Sebastian Kurz: Entschlossen und geschlossen zugleich. Was wir 2015 erlebten, darf sich nicht wiederholen. Alle diejenigen, die damals ausgesprochen haben, dass es funktionierende Außengrenzen braucht, müssen jetzt Griechenland voll unterstützen. Damit diese Grenzen auch wirklich geschützt werden. Ein Europa ohne Grenzen nach innen kann es nur geben, wenn die Grenzen nach außen gesichert sind.
Rund 13.000 Flüchtlinge sitzen an der türkisch-griechischen Grenze fest. Was soll mit den Menschen geschehen?
Kurz: Wir erleben hier einen organisierten Angriff auf Griechenland durch die Türkei und durch Präsident Erdogan. Wir hatten vor einer Woche keine humanitäre Krise in Griechenland, keine Krise an der türkisch-griechischen Grenze und auch keine in der Türkei. Das ist ein geplanter und gezielter Angriff, gesteuert und staatlich organisiert. Europa darf diesem Druck nicht nachgeben.
Aber was soll mit den Flüchtlingen geschehen?
Kurz: Wenn diese Menschen, die teilweise auch gewaltbereit sind, am Ende nach Mitteleuropa durchkommen, wird es nicht bei den 13.000 bleiben.
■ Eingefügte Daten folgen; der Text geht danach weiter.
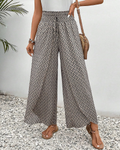 Women's Printed Wide-Leg Trousers – Lightweight High-Waisted Relaxed Style for Summer Holidays and Everyday Wear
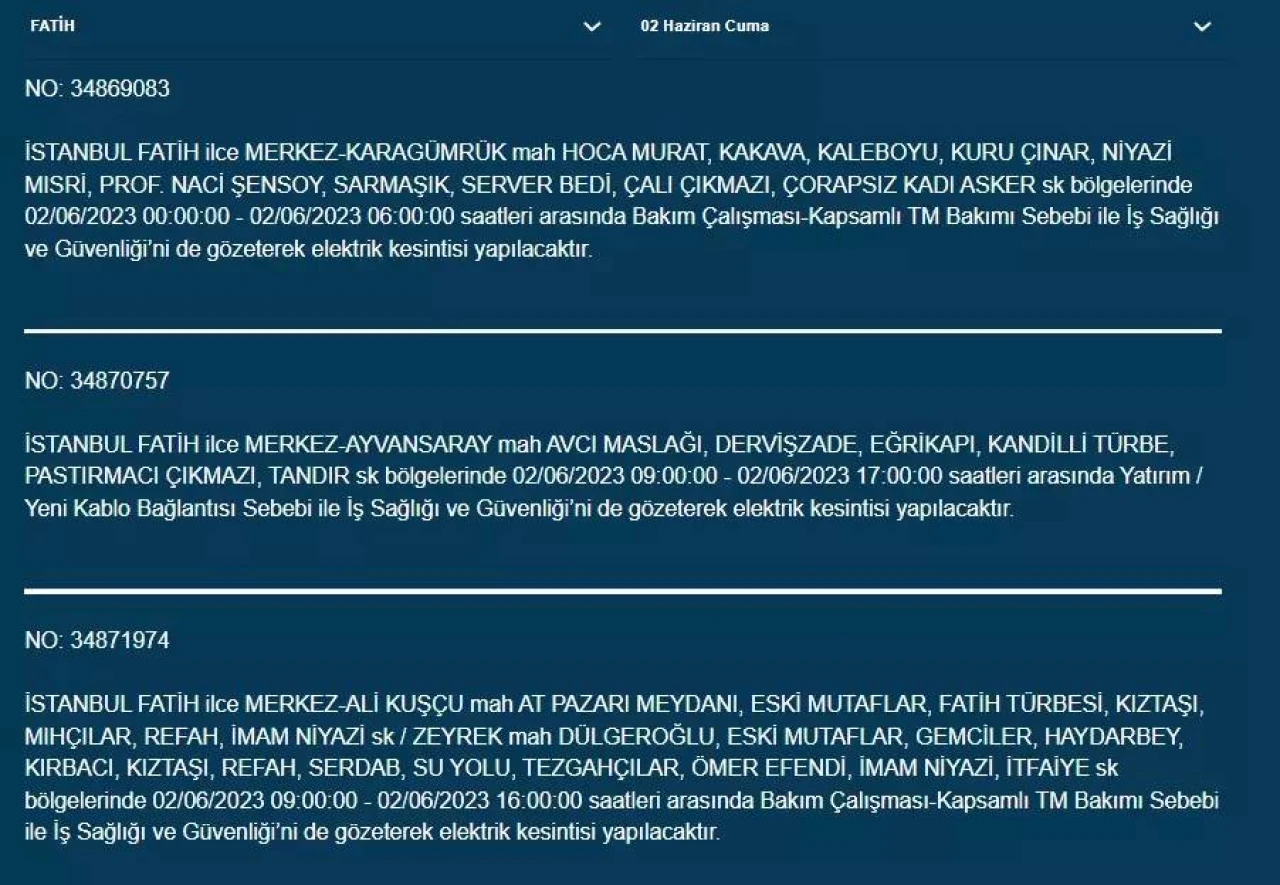 İstanbul'da O İlçelerde Elektrik Kesintisi Var! 02 Haziran 2023 Cuma 9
Dann werden es bald Hunderttausende und später vielleicht Millionen sein. Wir hätten am Ende dieselben Zustände wie im Jahr 2015.
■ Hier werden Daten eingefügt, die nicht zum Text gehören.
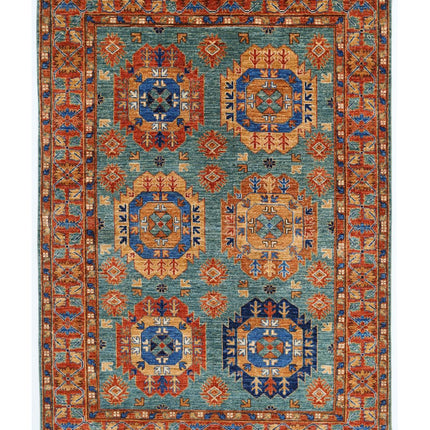 Humna 4' 9" X 6' 6" Hand Knotted Wool Rug 4' 9" X 6' 6" (145 X 198) / Teal / Wool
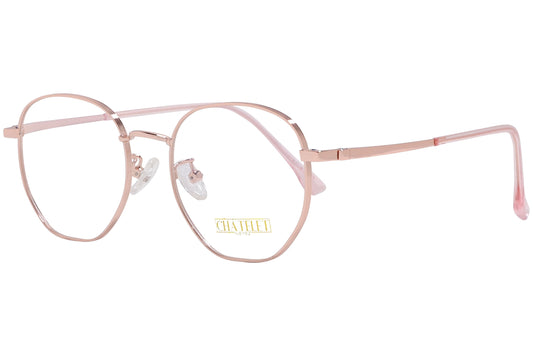 chatelet hexagonal rose eyeglasses frame viewed from a 45-degree angle.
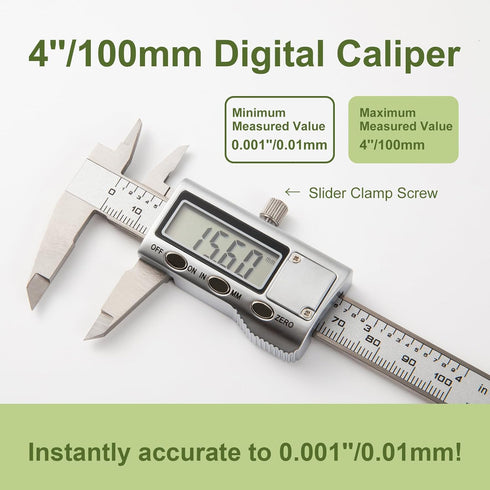 All-Metal Digital Caliper 0-4"Measuring Tool, Micrometer Caliper with Auto-Off Feature, Interchangeable Between inches and millimeters for DIY/Household and 3D Printing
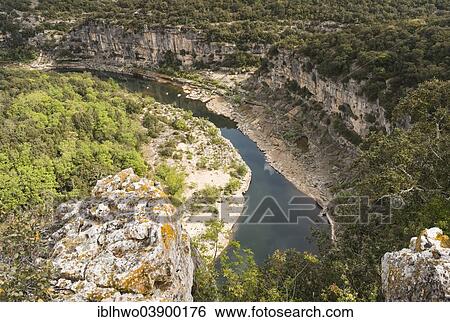 Stock Photograph - "Ardeche Gorges, Gorges de l'Ardeche, view from the Belvedere de Ranc-Pointu lookout on the panoramic road D290, Saint-Martin d'Ardeche, Rhone-Alpes, France, Europe". Fotosearch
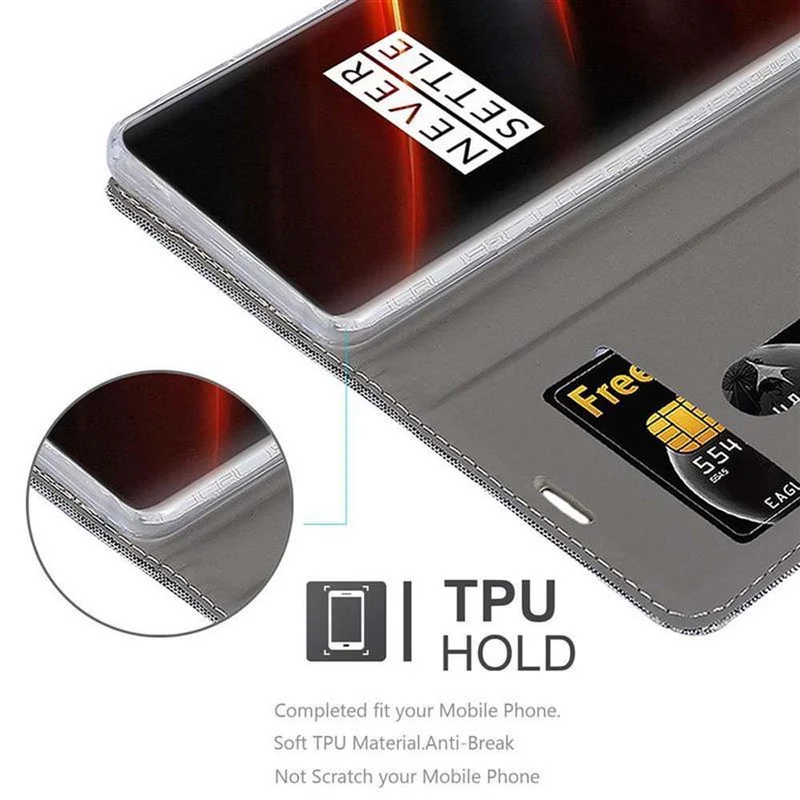 Cadorabo Hülle kompatibel mit OnePlus 7T PRO Schutzhülle mit Magnetverschluss, Standfunktion und Kartenfach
Wenn Flüchtlingsströme zu einer politischen Waffe werden, wie dies Präsident Erdogan derzeit demonstriert: Kann dann das Grundrecht auf Asyl in der EU aufrechterhalten werden?
Kurz: Nein! Griechenland nimmt völlig zu Recht für einen Monat keine Asylanträge an. Die Menschen, die jetzt an dieser Grenze ankommen, sind ja größtenteils nicht Flüchtlinge, die aus dem syrischen Kriegsgebiet fliehen. Es sind zum größten Teil Migranten, die schon jahrelang in der Türkei leben. Diese Menschen haben kein Recht auf Asyl in Griechenland, denn sie werden in der Türkei nicht verfolgt. Sie werden aber missbraucht, ihr Leid wird ausgenutzt. Und sie werden instrumentalisiert, um Druck auf die EU zu machen. Dieses Spiel dürfen wir nicht mitspielen.
Sie machen also nicht mit bei einer „Koalition der Willigen“ und nehmen beispielsweise 5000 Flüchtlinge auf?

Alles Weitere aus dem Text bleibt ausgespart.